===== The data =====

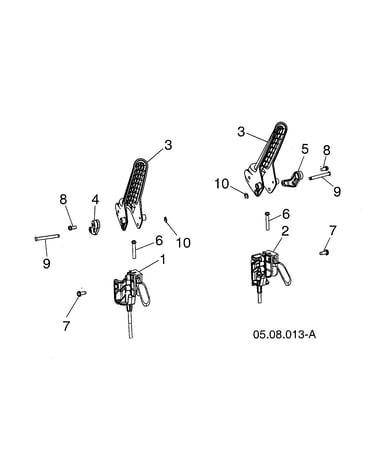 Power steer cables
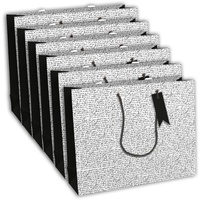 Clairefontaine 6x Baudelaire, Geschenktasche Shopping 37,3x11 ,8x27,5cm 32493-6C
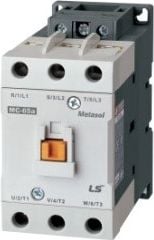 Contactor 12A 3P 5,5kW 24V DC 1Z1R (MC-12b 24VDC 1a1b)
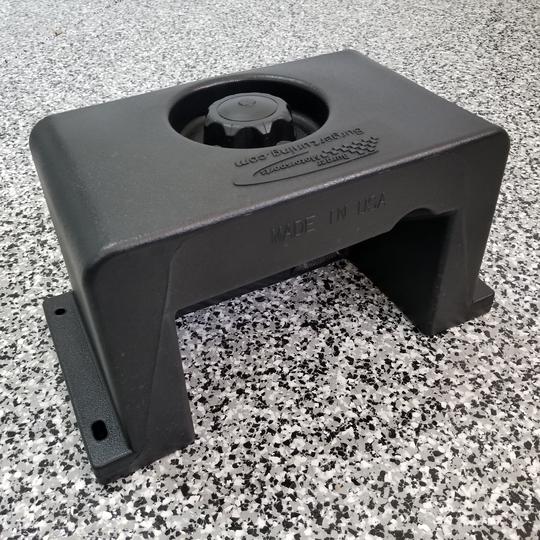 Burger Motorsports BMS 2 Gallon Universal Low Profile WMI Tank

=====

Transcribe the lines above exactly, setting aside any picture among them.

 Power steer cables
 Clairefontaine 6x Baudelaire, Geschenktasche Shopping 37,3x11 ,8x27,5cm 32493-6C
 Contactor 12A 3P 5,5kW 24V DC 1Z1R (MC-12b 24VDC 1a1b)
 Burger Motorsports BMS 2 Gallon Universal Low Profile WMI Tank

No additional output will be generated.